My LZ is at 300′ Above Seal Level(ASL). My density altitude last night was 2800′. I’ll explain the real world consequences in just a bit.
First what is density altitude? The simplest way for me to say is: It’s a measurement of how dense the air “feels” compared to what altitude you are really at.
Think about climbing a mountain. As you go up the air becomes thinner, harder to breath. For aircraft this means your wing has less air to “bite”, less lift is created as a result. And just like it harder for you to breath, it’s a tiny bit harder for your engine to breath.
The equation to figure this out takes into account temperature, barometric pressure, and humidity. In hot, humid conditions your density altitude will be higher. Colder temps give us denser air and a lower density altitude.
Flying from home I’ve gotten into the habit of checking winds aloft(ryancarlton.com) and the radar but not tuning into the AWOS(Automated Weather Observation System) at the airport. Mistake.
The Setup: It’s 1700, winds 3-8, and it is hot here in TN with 99.9% humidity(possible small exaggeration). I’m flying with my bulky XC bag, luckily with most of the weight removed. I’ve got 400′ of runway in front of me. With this wind I usually need about 100′.
The Launch: Wing inflates well and within a few steps I have it “locked in”, go full throttle and commit to launch. Pretty quick I notice a lack of lift. I can tell by the sound my engine is spinning up nicely, but the glider just isn’t wanting to fly today. No cravats or other problems so I push on. Finally at about 250′ I start to lift off, barely. I have to tiptoe for another 50′-75′ while applying more than normal brake pressure before I finally break contact with the grass.

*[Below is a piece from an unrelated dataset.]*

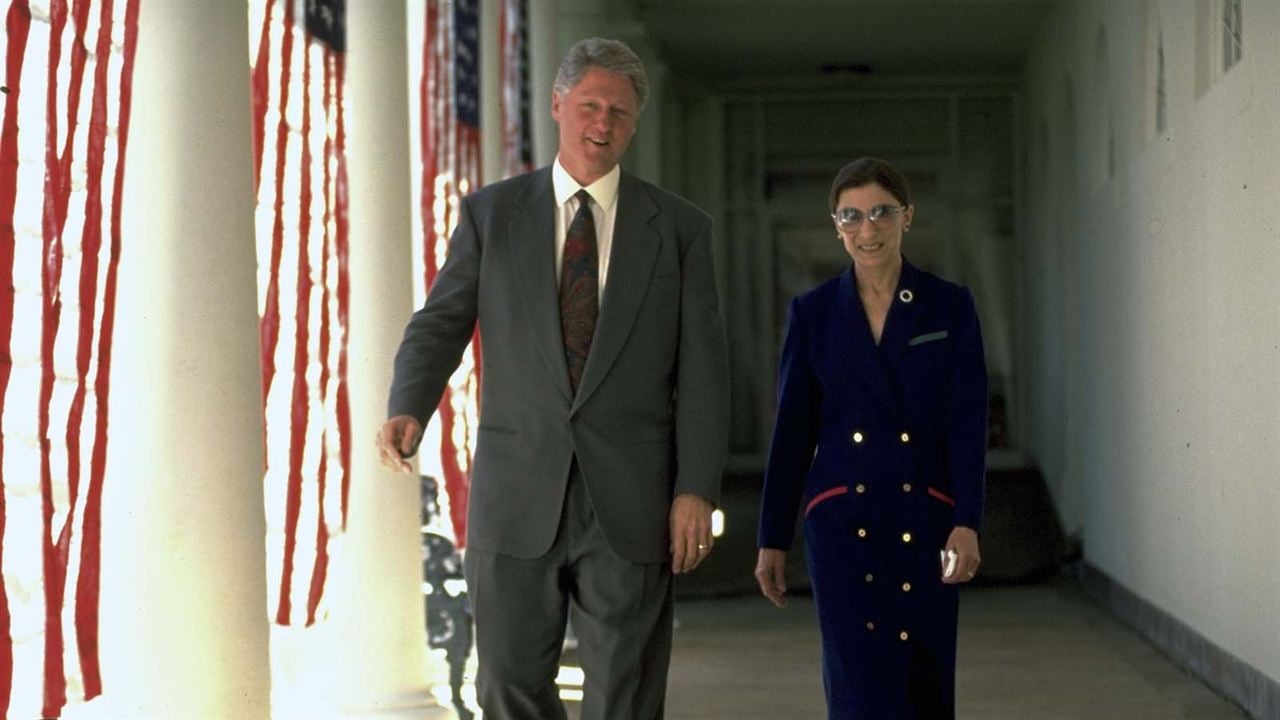 A Juíza : Fotos Bill Clinton, Ruth Bader Ginsburg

The Climb out: Roughly 1500′ beyond my runway there are trees and power lines. Most days I would clear them by 100′ or more easily. But I was not climbing at all. I was “stuck” 20′ up still holding brake pressure at full power. Finally about 500′ after takeoff I started to get some lift but no way was I going to clear the obstacles. I released my left brake pressure and let the glider go into the gentlest bank that would allow me to turn away from the trees, and got away with it.
A friend called a few minutes later from the airport to ask about the flying conditions. That’s when it dawned on me what the likely culprit was and I asked him to check. In the future I will for sure keep a closer eye on the Density Altitude before attempting a launch.